前回の続き。
2022年の3月終わりごろ、私たちは約11年半暮らした島を離れて
岡山県の吉備中央町という町に移り住むことにしました。
その変化にはいくつかの側面がありますが、まずは仕事に関していうと、
「ワイン農家」になることを目指して新しい生活を始めます。
畑でブドウを育て、そのブドウでワインを醸造する。
そして出来上がったワインを自ら販売していきたいと考えています。
とはいえ、そのワインが出来上がるのは早くても5年後。
いろいろなことを学びながら、キャリアがスタートする頃には40代も半ば過ぎ。
そこから一生続けることになる仕事を、今から始めようとしています。
ワインを造りたいと思った一番大きなきっかけは、2019年に3か月だけ暮らしたフランスで見た光景でした。

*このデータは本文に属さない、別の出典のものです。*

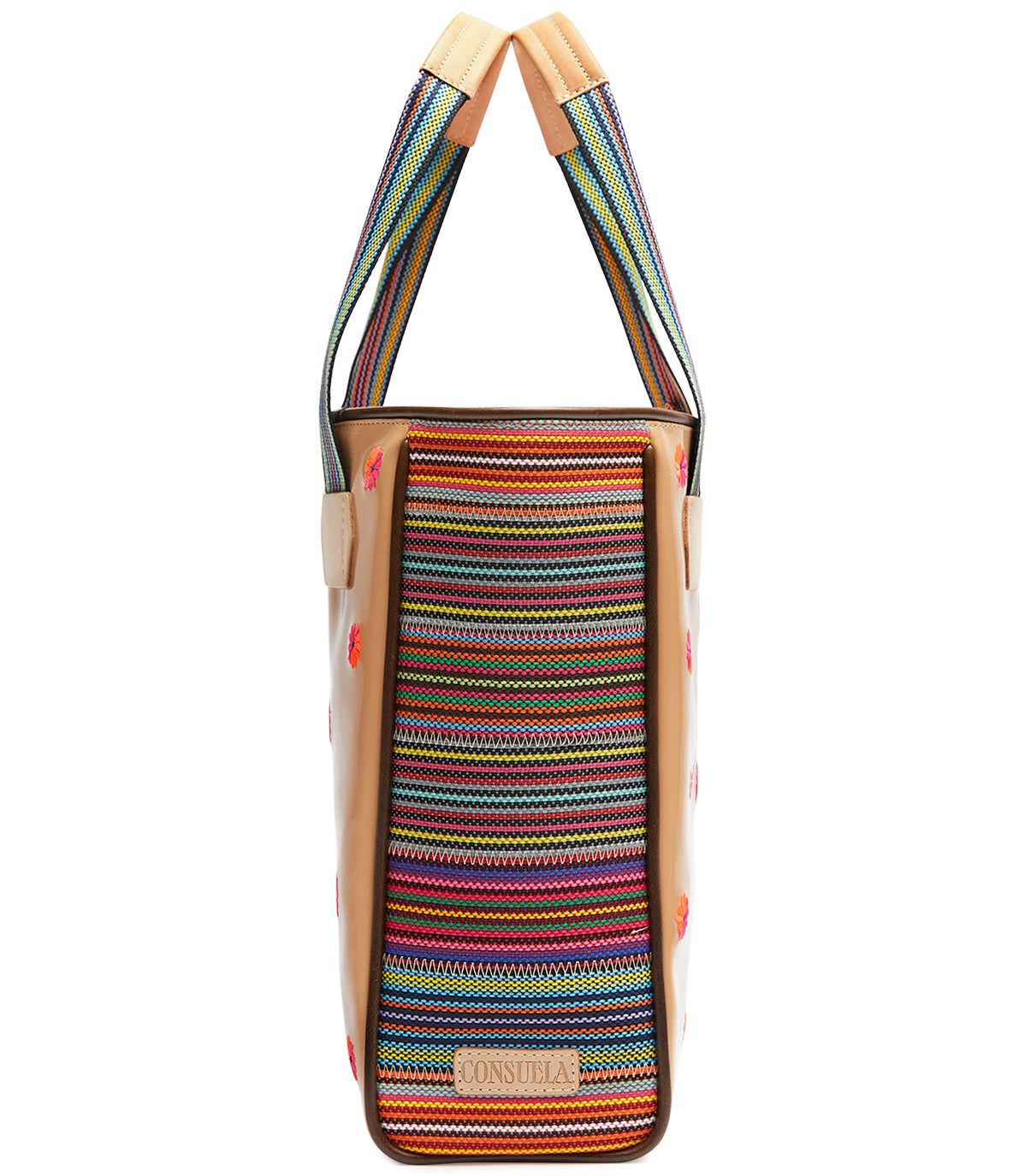 BRETT CLASSIC TOTE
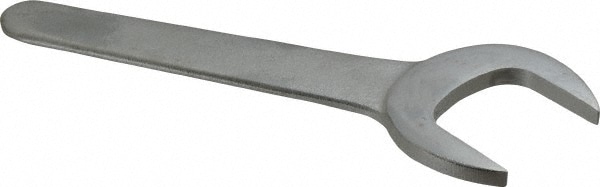 PROTO J3542M Service Open End Wrench: Single End Head, 42 mm, Single Ended Image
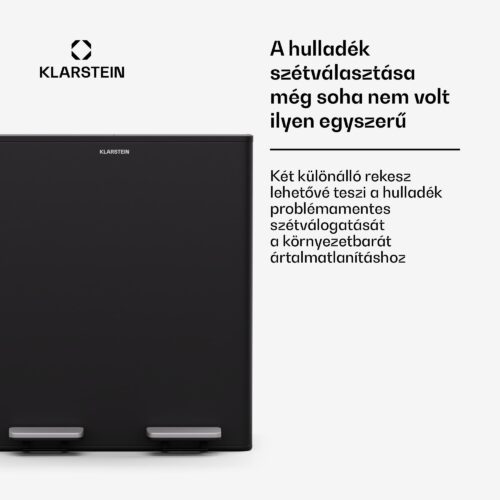 hulladékgyűjtő komposztálóval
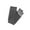 Gray, variant on Bearichfupo Winter Fleece Thick Padded Tights For Children Leggings For Girls Leggings Thermal Pantyhose Ninth Pants, Sizes 6-8 Years
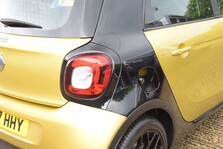 Smart Forfour PRIME SPORT 11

地域の中にワイナリーがあり、友達が集まり、美味しいフードと音楽がある。
ワインを通じて国籍も年齢も性別も関係なく人と人がつながれる瞬間は本当に輝いていました。
もちろんそれだけではありません。
海士町で魚の仕事をしてきた中で、自分の関心が「いかに旨い魚を食べるか」から「地域の食」へと
広がってきたことを実感していたのです。
その結果が「給食」だったり、「まるどマーケット」でした。
地域に暮らす人がそれぞれの特技を発揮して作り出した「食べ物」が、さらに混じりあってその「地域の食」を作っていく。
今度はその様々な食を包み込む存在である「酒」、それもワインを造ってみたいと思ったのです。
「地域の食」には土地の風土が大きな影響を与えることは間違いないのですが、その上に築かれた人の営みにこそ
面白みがあるなーと思っています。
そして、「職人」的な働き方の面白さに気がついたことも大きな変化でした。
水産加工の仕事では、先人たちが積み上げてきた知識を踏まえたうえで、最も美味しくなる仮説を立てます。
その結果を観察し、(要するに食べるわけですが)また仮説を立てて検証する。
いつまでも終わりのない探求が、どうやら好きみたいです。
ワインは原材料が「ブドウ」だけ、たった一つという究極にシンプルなお酒です。
しかし、だからこそ「営み」が大切になってくる。
そんなところにワクワクしています。
まだまだ先の長い話ですが、将来の夢は「ワイナリーに併設したB&B的な宿(シャンブルドット)で
お客さんと一緒に地域の食を味わいながら旅の話を聞くこと」です。
30歳の時、海士町に来る前に夢見ていた景色は
「仕事帰りに釣り糸を垂れ、釣った魚を捌いて妻と晩酌をする」でした。
この夢は100回くらい実現したので、そろそろ次の夢に向かって行きたいと思います。